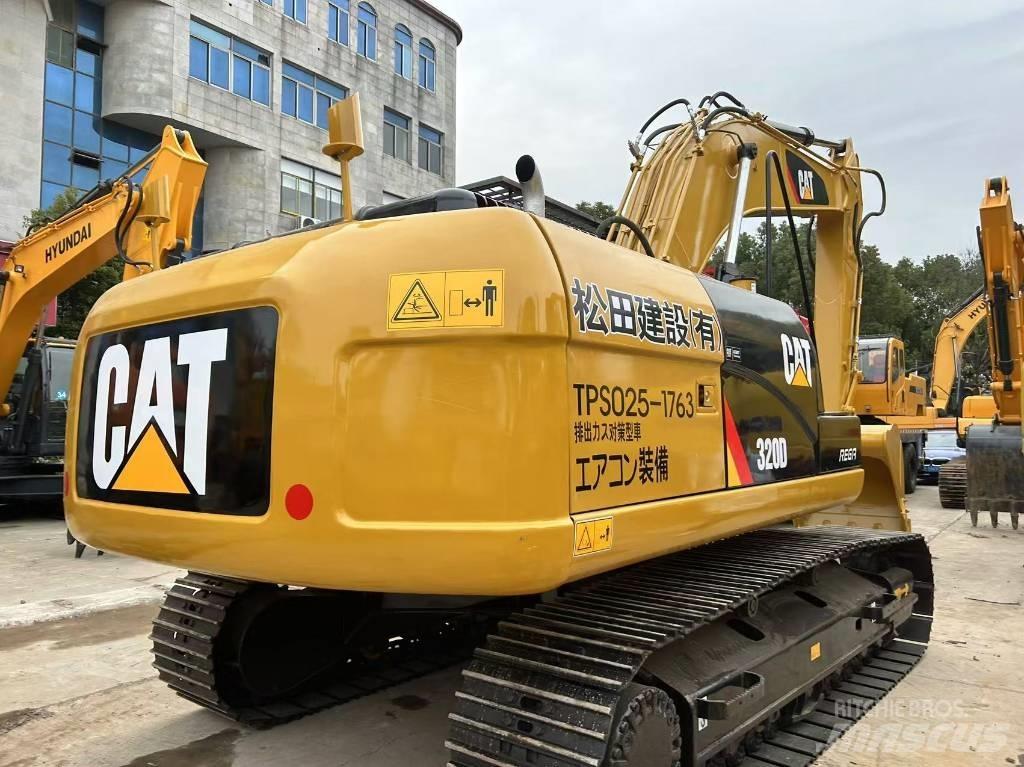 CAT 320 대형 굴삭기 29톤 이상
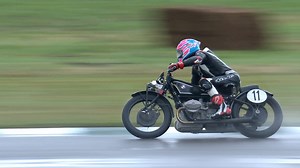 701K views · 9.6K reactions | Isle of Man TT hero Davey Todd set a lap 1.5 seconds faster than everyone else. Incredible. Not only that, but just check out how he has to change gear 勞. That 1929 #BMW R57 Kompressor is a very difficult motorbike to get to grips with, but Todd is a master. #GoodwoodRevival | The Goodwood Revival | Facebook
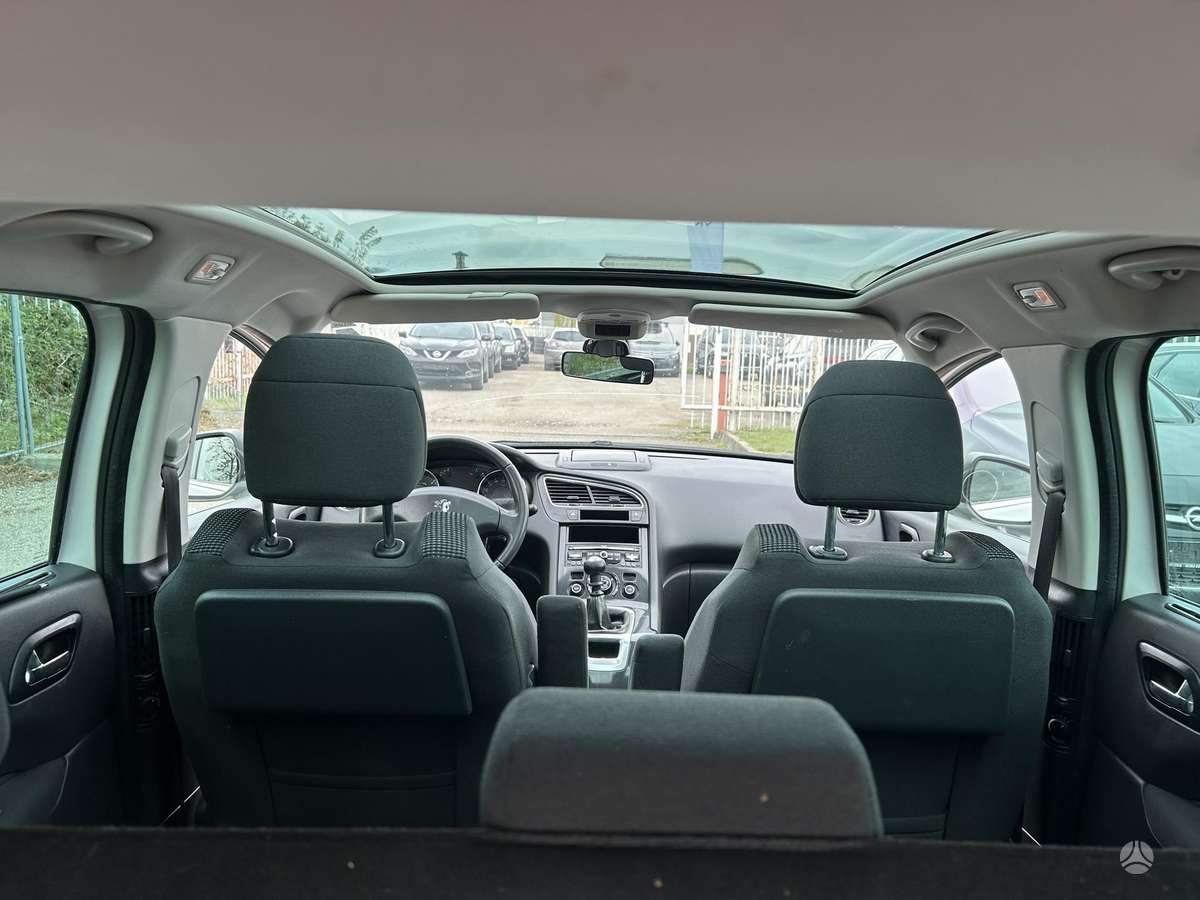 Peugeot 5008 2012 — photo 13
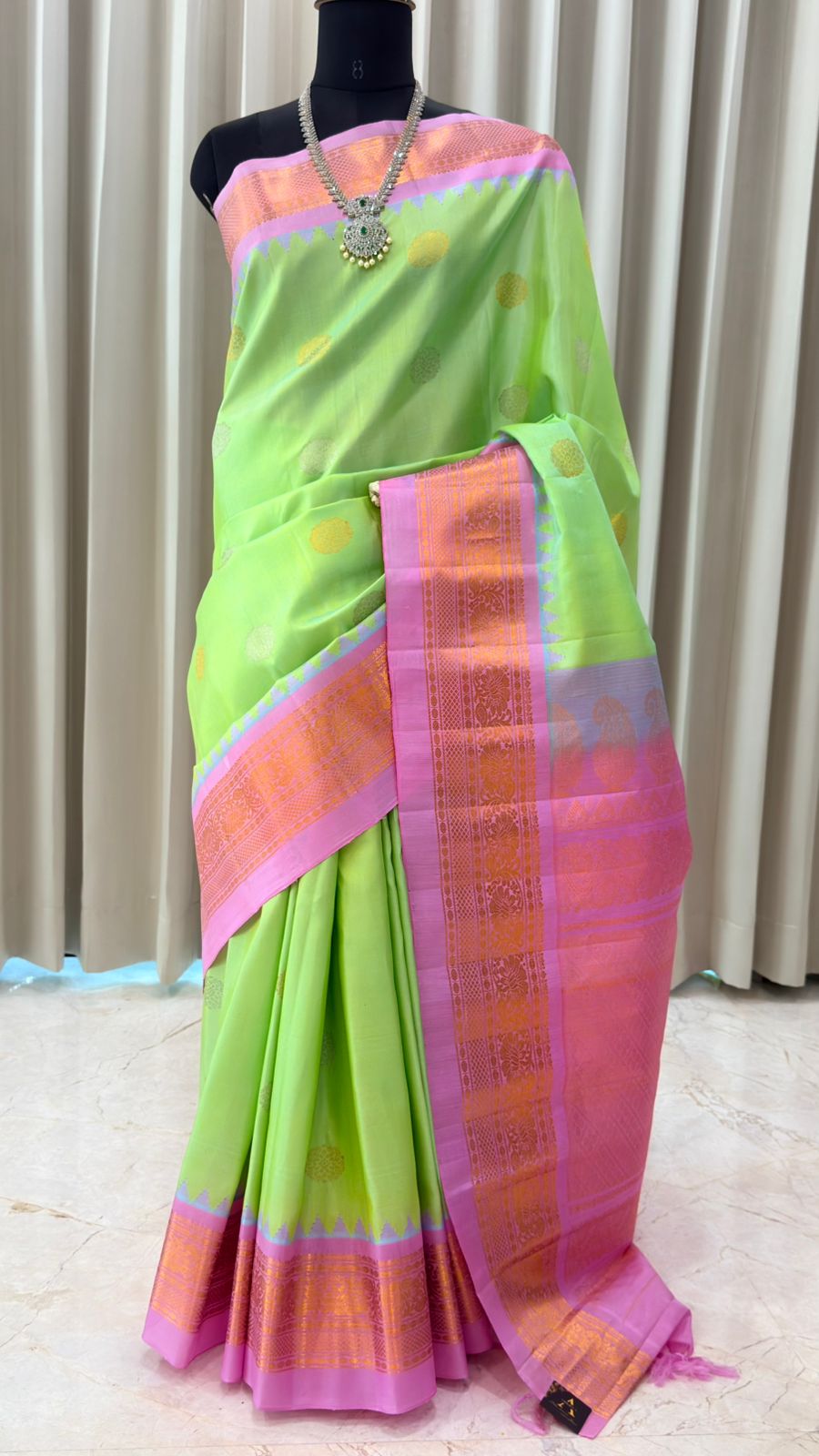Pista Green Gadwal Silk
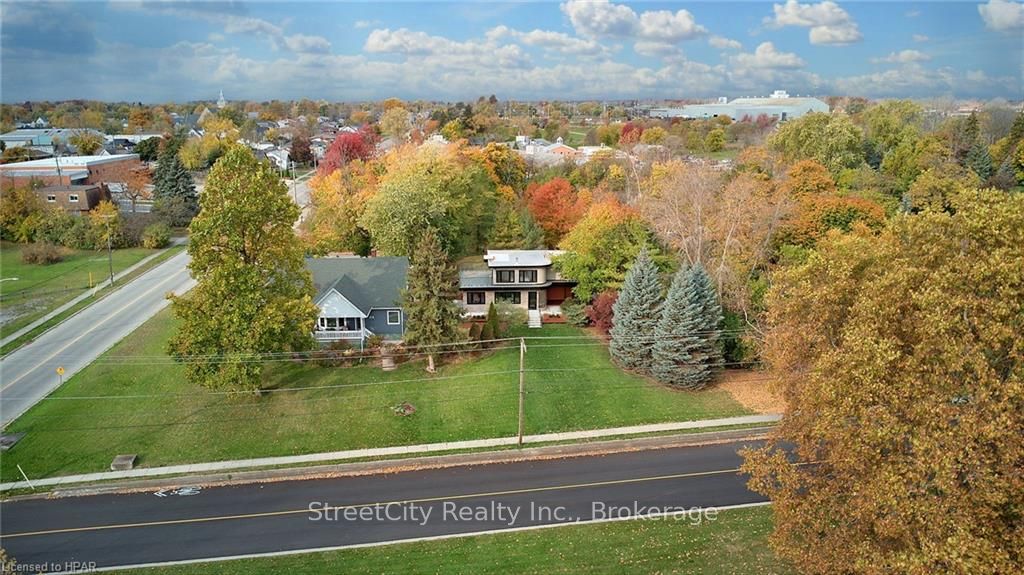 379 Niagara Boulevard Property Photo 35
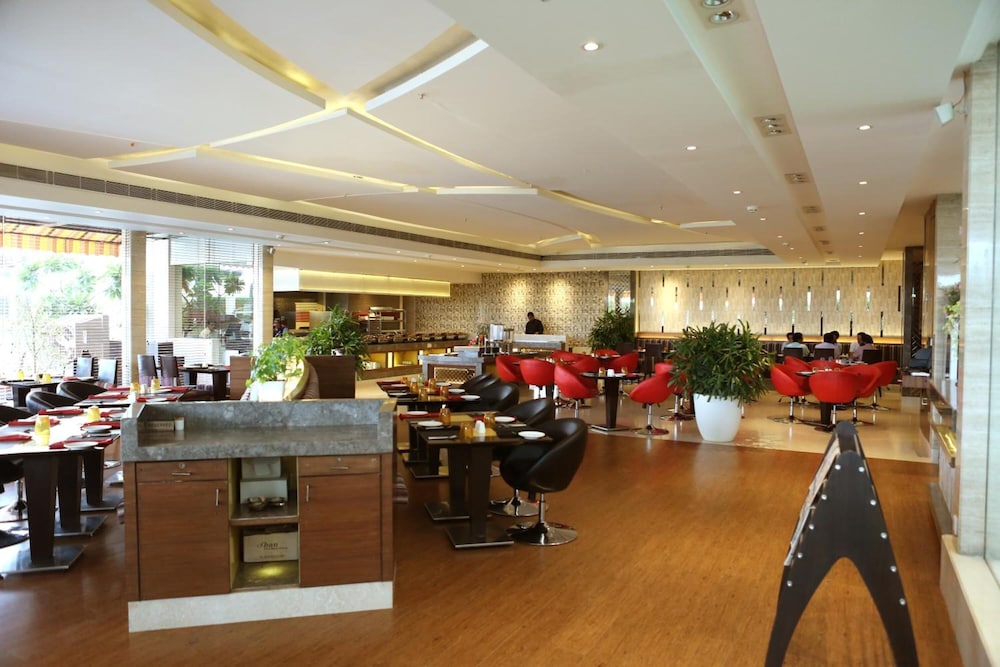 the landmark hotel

• **Problem to work on**: Retype the lines exactly as they appear, beginning with the line that contains "701K views ·" and ending with the final line of the entries, and omit the pictures.

• **Finished task**:
 701K views · 9.6K reactions | Isle of Man TT hero Davey Todd set a lap 1.5 seconds faster than everyone else. Incredible. Not only that, but just check out how he has to change gear 勞. That 1929 #BMW R57 Kompressor is a very difficult motorbike to get to grips with, but Todd is a master. #GoodwoodRevival | The Goodwood Revival | Facebook
 Peugeot 5008 2012 — photo 13
Pista Green Gadwal Silk
 379 Niagara Boulevard Property Photo 35
 the landmark hotel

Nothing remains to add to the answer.